Our colleague VJ Nagender Rao,  Sales Executive on Hotel Saudi, who never scaled a tall mountain is training to climb Africa’s highest peak, Mount Kilimanjaro, to raise $10,000 for the rescue of human trafficking victims in India.

VJ, 31, said he was driven to do something to help after hearing a TED talk by world renowned Indian social activist Dr Sunitha Krishan, three years ago.

“We all know that prostitution and human trafficking exists,” he said. “But after this talk I realised that back home, in India, girls as young as three or four were being raped and forced into human trafficking.”

“The thing that disturbed me a lot was to hear that the intestines of two or three of these girls that were rescued were literally hanging outside,” he added. “I just could not believe that there are still people who can do that to such young girls. So I decided I had to do something for these girls or help in some way.”
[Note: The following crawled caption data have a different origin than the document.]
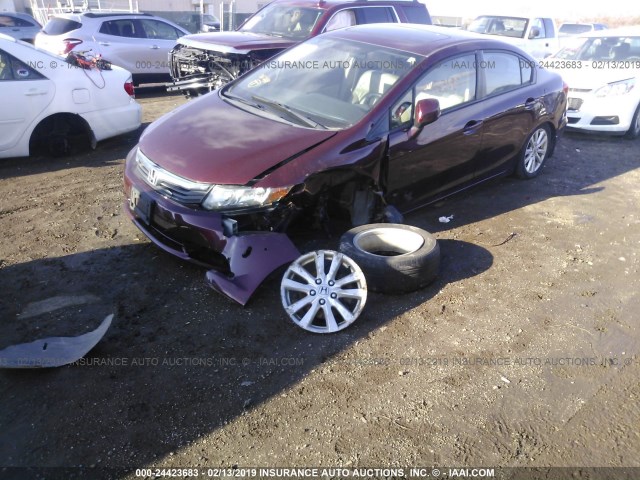 19XFB2F93CE040817 - 2012 HONDA CIVIC EXL MAROON photo 6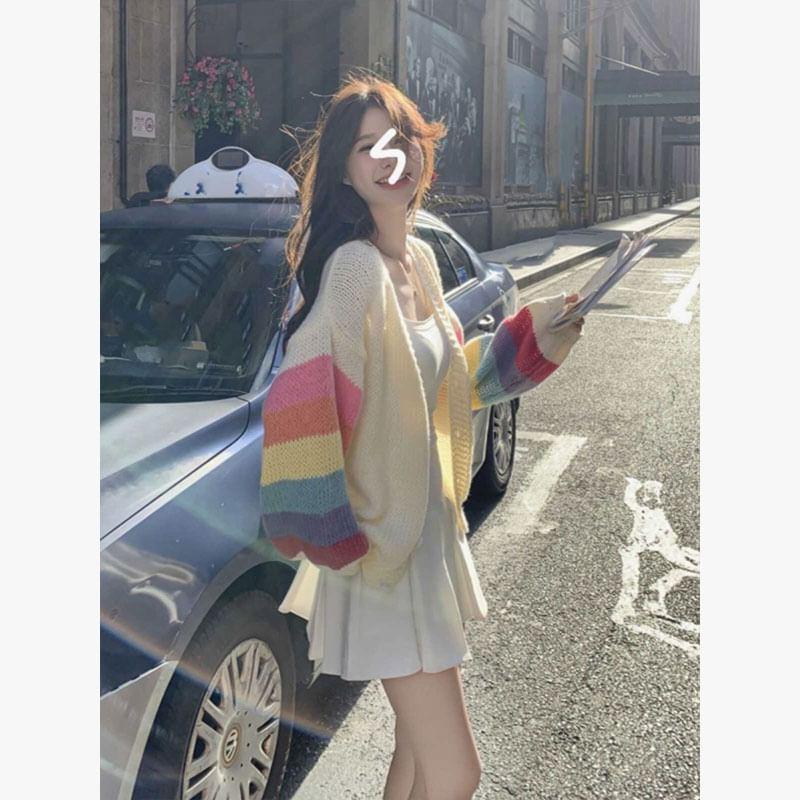 V-Neck Rainbow Block Cardigan Product Image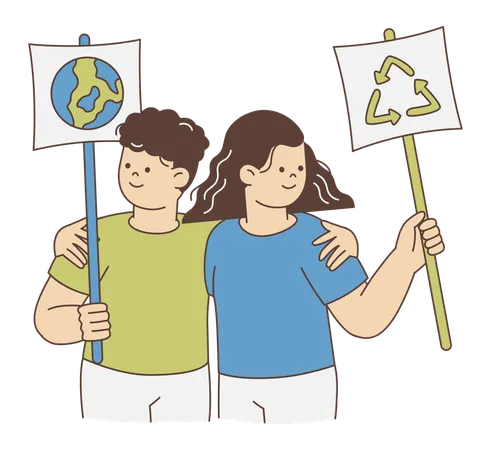 Couple running Environment saving Campaign  Illustration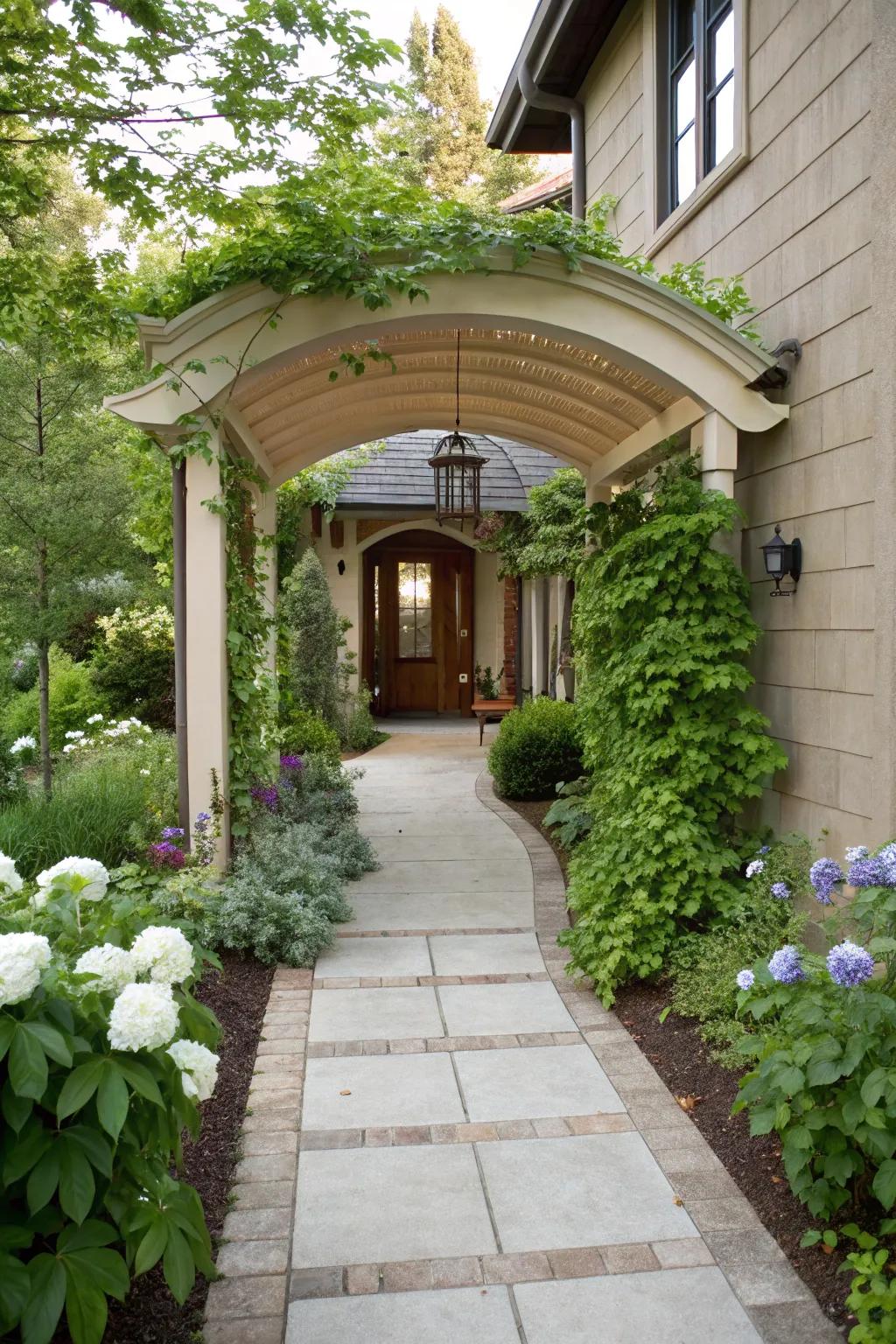 An arched overhang adds a graceful touch to your entrance.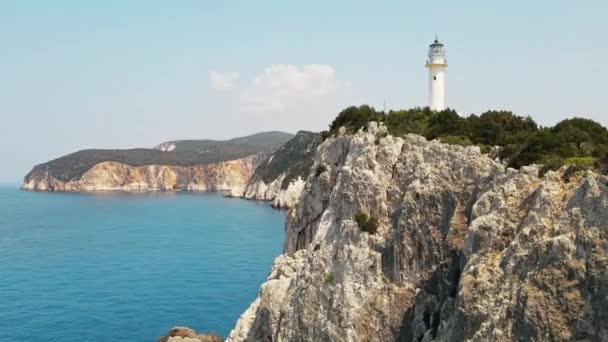 Повітряний Безпілотний Вид Іонічне Морське Узбережжя Закінтоса Греція Скелястий Хребет — стокове відео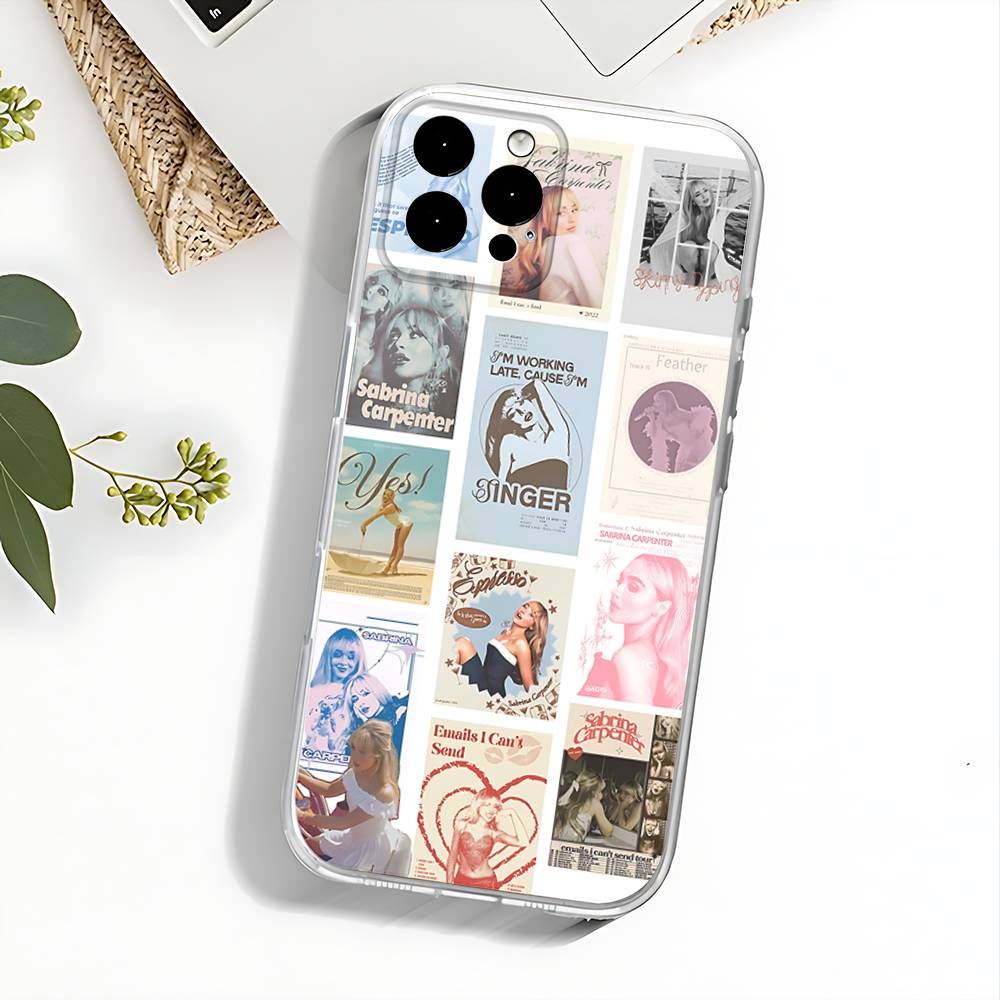 Obal na telefon Singer S-Sabrina Carpenter Pro iPhone 17,16,15,14,13,12,11 Pro,Max,Plus,X,XS,XR,SE4,E Mini Transparentní Měkký Kryt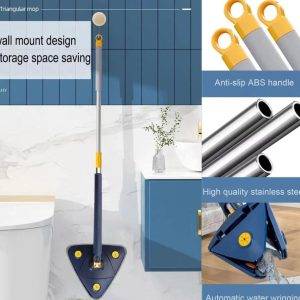 serpillière rotative 360° – microfibre Épaisse, réglable avec recharge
In India alone, an estimated 200,000 women and young girls — often from the poorest segments of society — are forced into prostitution every year, often lured into the trade by the false promises of a pimp and held against their will.

Rao said that the money raised through the climb will go to the Rescue Foundation, a Mumbai-based NGO that seeks to rescue and rehabilitate human trafficking victims in India, Bangladesh and Nepal.
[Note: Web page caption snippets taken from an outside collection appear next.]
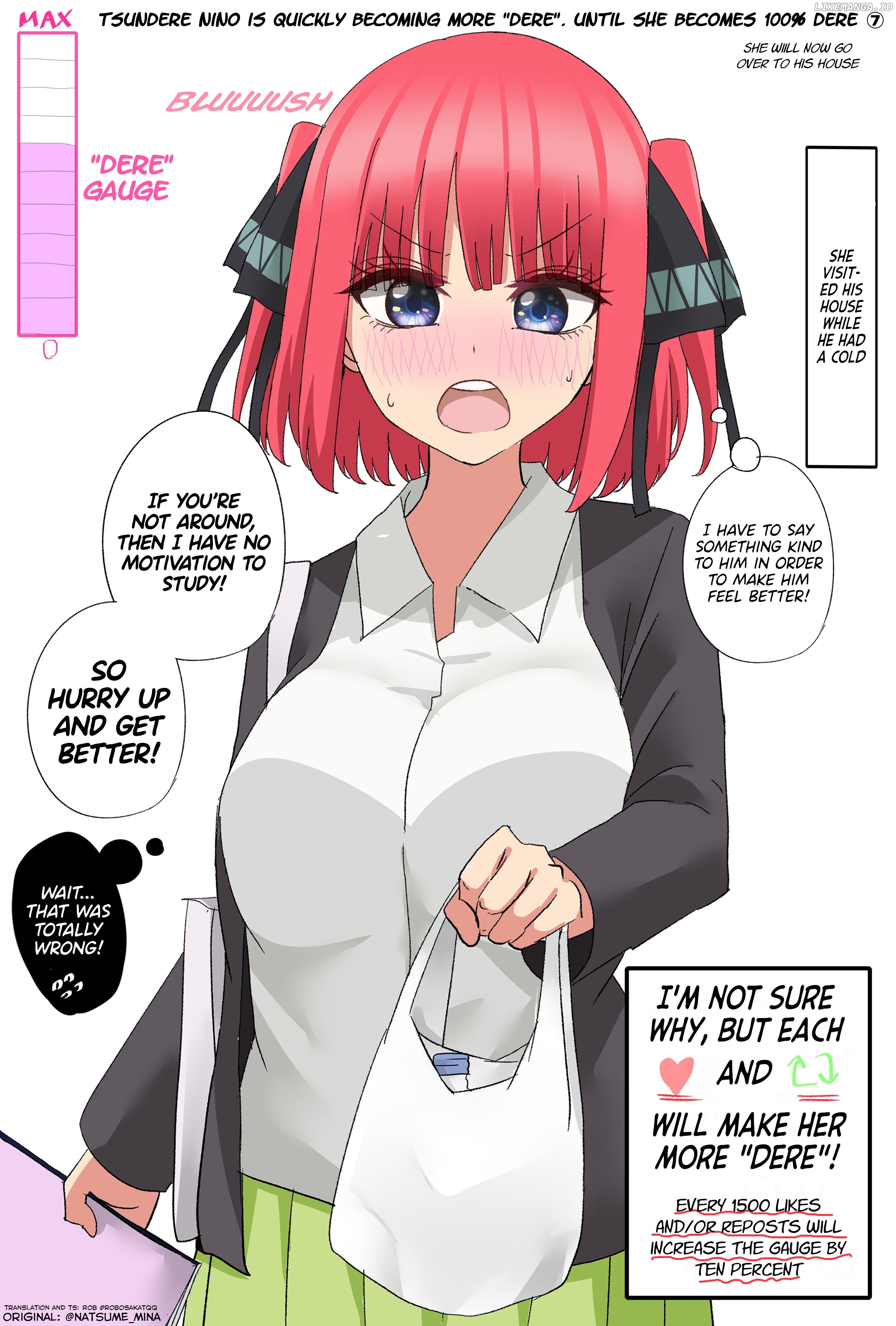 5Toubun No Hanayome - Tsundere Nino Rapidly Becomes More And More "dere" Through Likes And Reposts (Doujinshi) chapter 7 - page 1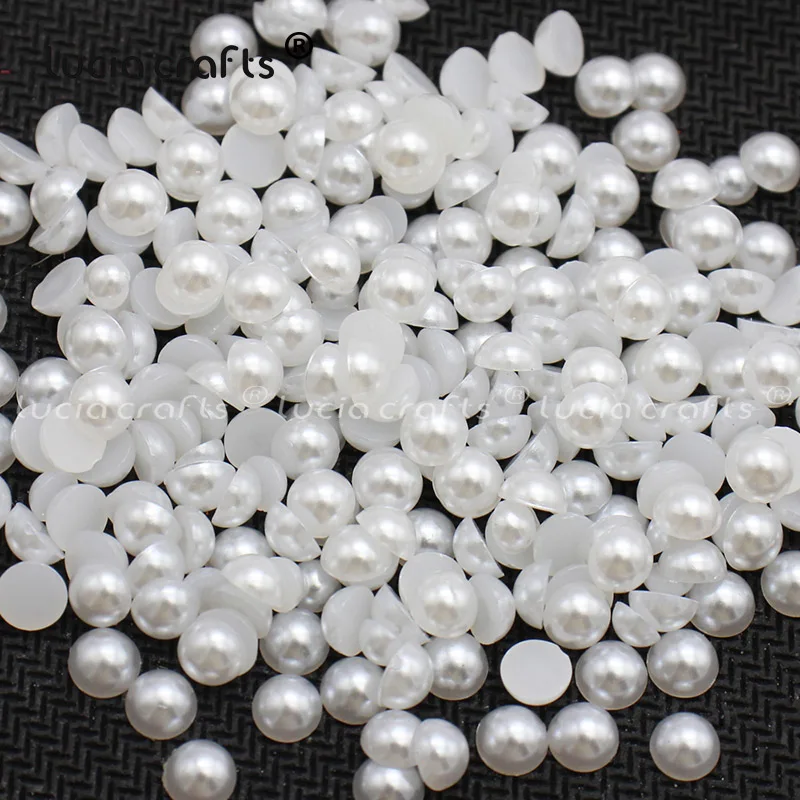 

2-14mm No Holes White Ivory Flatback Half Round Imitation Pearl Beads For DIY Jewelry Making Nail Art Grament Bag Decorations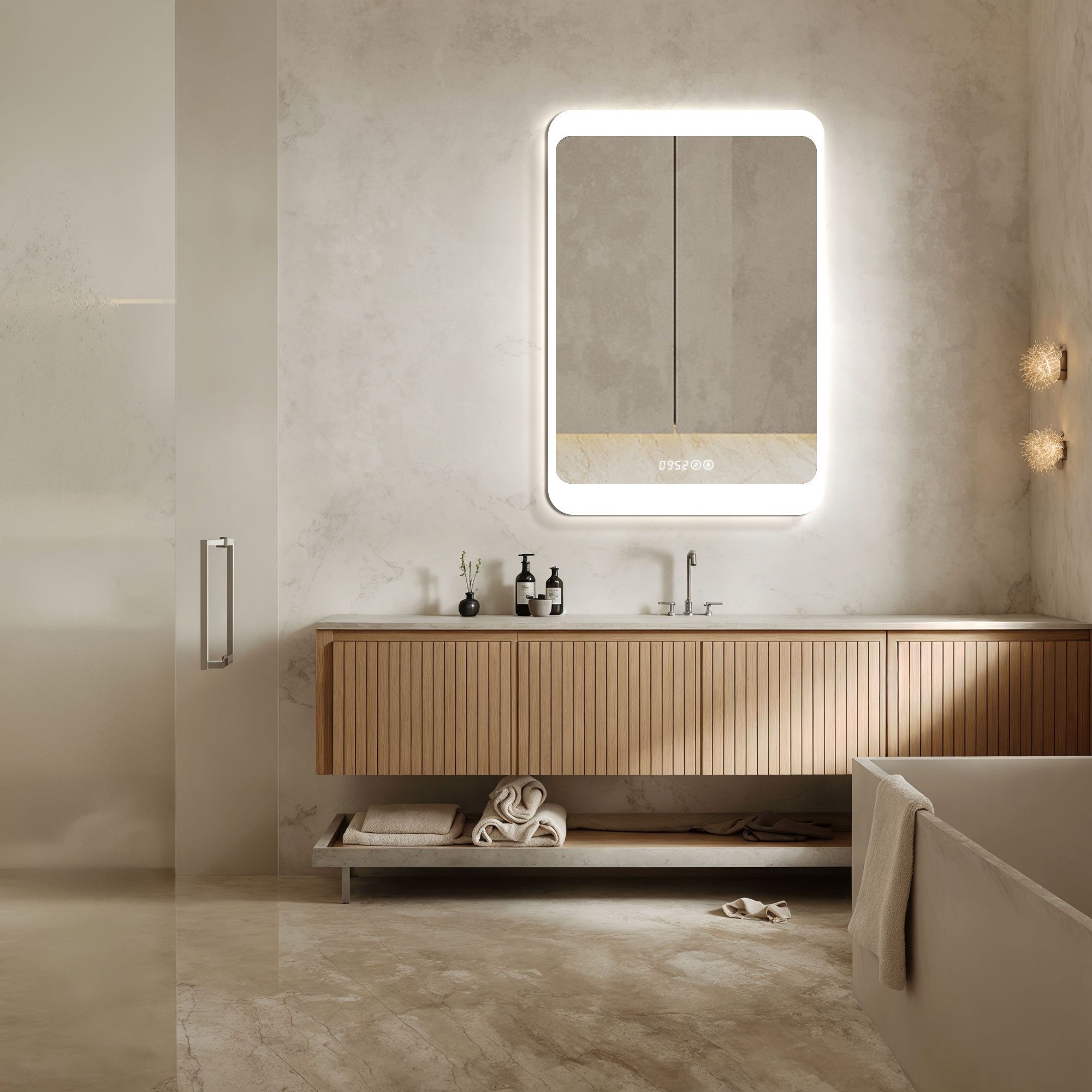 HOKO Badspiegel LED Antibeschlag Wandspiegel 50x70/60x80cm+Digital Uhr+LED günstig online kaufen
“What they do is go and rescue girls, and bring them to rehab centres close to where they are, for counselling, ” he said. “Even after being rescued, the girls are pretty traumatised by their past experience, and many of them even feel like committing suicide.” Additionally, Rescue Foundation provides legal aid, healthcare, shelter and vocational training to the rescued victims.

“Most of the time the families aren’t willing to accept them back,” he said. “So what they do is teach them something, a means with which they can live a life after leaving the rehab centre, rather than going back to prostitution.
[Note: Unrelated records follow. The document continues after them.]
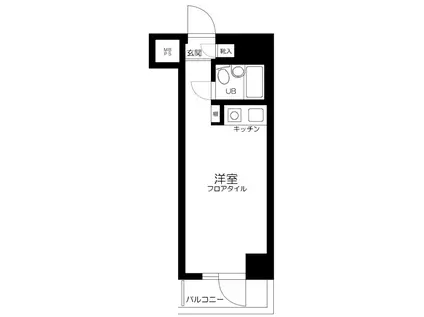 江戸川橋センチュリープラザ21(ワンルーム/8階)の間取り写真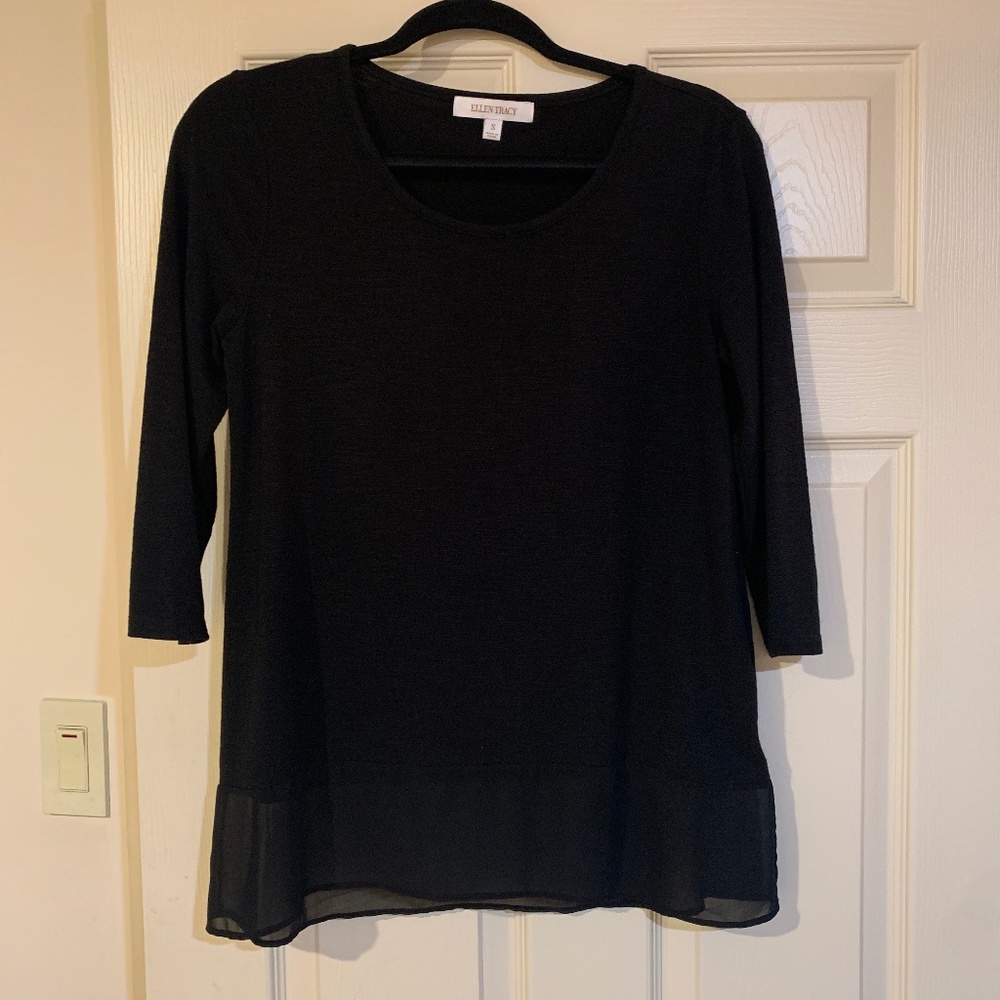 Ellen Tracy Black Top sz S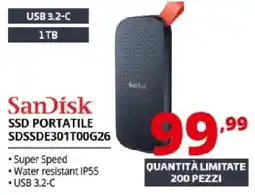Comet SanDisk SSD PORTATILE SDSSDE301T00G26 offerta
“They’ve been pretty instrumental in saving thousands of girls so far,” he said. “Last week only, they rescued eight minors in the north of India.”

According to Rescue Foundation statistics, the organisation rescues about 300 girls a year and repatriates 700. The organisation — since its inception in 2000 and up till 2014 — has rescued approximately 5,000 women and young girls.

The eight-day climb

Rao, who will undertake the eight-day climb to the top of the 5,895-metre Kilimanjaro in early August, told Khaleej Times that he has no practical climbing experience.

 “I don’t have any climbing background. It’s actually the first climb for me to such a height...I have climbed a small mountain in Scotland that you could go up and come back down in four hours,” he said.

“It’s a difficult climb where people have also died,” he went on. “But I thought I should push myself to raise awareness for the girls. But it’s will power. It’s how much and how badly you want it.”

Rao added that he hoped that in the future, people will come together to end the scourge of human trafficking in Asia.

“We all talk about it when something bad happens. We feel bad for the girl. But we don’t end up doing anything,” he said. “It’s a very sensitive topic. We feel sad but we tend to not do anything.”

 “I feel like we all can make a difference, if everybody does feel that they do have to give back to society. Just by contributing $10 you can make a big difference in these girl’s lives.”